Wednesday, September 06, 2006

Short is soooo much better than long

That's the not very shocking conclusion of a new AOL/AP online video poll released yesterday.

Reading the results, here's what caught my eye:

79% of respondents who have downloaded or watched a video clip connect via broadband. No surprise, but it's important to remember that our audience is almost exclusively broadband. A lot of internet polling data is still heavily skewed by dial-up users. I usually ignore the overall numbers and focus only on the broadband results when I can.

Mean hours weekly spent on the internet was 11.1. Mean hours spent watching tv was 13.9. Those numbers are surprisingly close together for a poll in which all adult age groups are represented. Really surprising!

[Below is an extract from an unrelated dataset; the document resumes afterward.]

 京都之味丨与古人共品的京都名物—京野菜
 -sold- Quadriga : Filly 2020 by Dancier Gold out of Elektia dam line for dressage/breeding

69% of those who watch video online find content contextually (stumble on them as they browse), 61% find them through sharing (sent by friends), and 58% through aggregation - a list of sites they regularly visit. To me, this is the most important finding in the study. It suggests that "pass along" distribution (sharing) and "along the way" distribution (syndication of video in places where your audience is already spending time on the internet), two things I blog about probably more than anything else, are the most popular ways people find content to consume. Wow, that's a great finding for me. I can feel my pagerank rising... oddly enough - while they like to get their video from friends, they don't like to share. Only 1% listed "ability to share" as a reason they like video online.

People don't watch stuff they have to pay for - 93% no, 7% yes. They don't care about commercials - not A SINGLE respondant selected "no commercials" as something they like about online video. Interesting from a business model perspective, and in line with what a lot of smart folks have been saying.

What is liked about online video? Convenience and Accessibility. Period. Only 8% went for entertainment value (of course that's probably because there's not much entertaining stuff online). Of course we all know why this is - people are watching repurposed stuff online - video from major television and movie content providers. They watch it because they missed it on TV, or it's more convenient. When this number shifts, then online video has become a medium.

What people don't like about online video is interesting too. Video quality, a/v issues, and download time. That's what bothered them - not screen size, watching alone, content appropriateness... even though these are things that are often regarded as major hurdles to widespread adoption. Funny that YouTube's quality is soooo crappy, but they still have so many views. My guess is that in a study skewed younger, quality would matter less.

A wonk I am not, but I think those findings are a lot more interesting than the headline.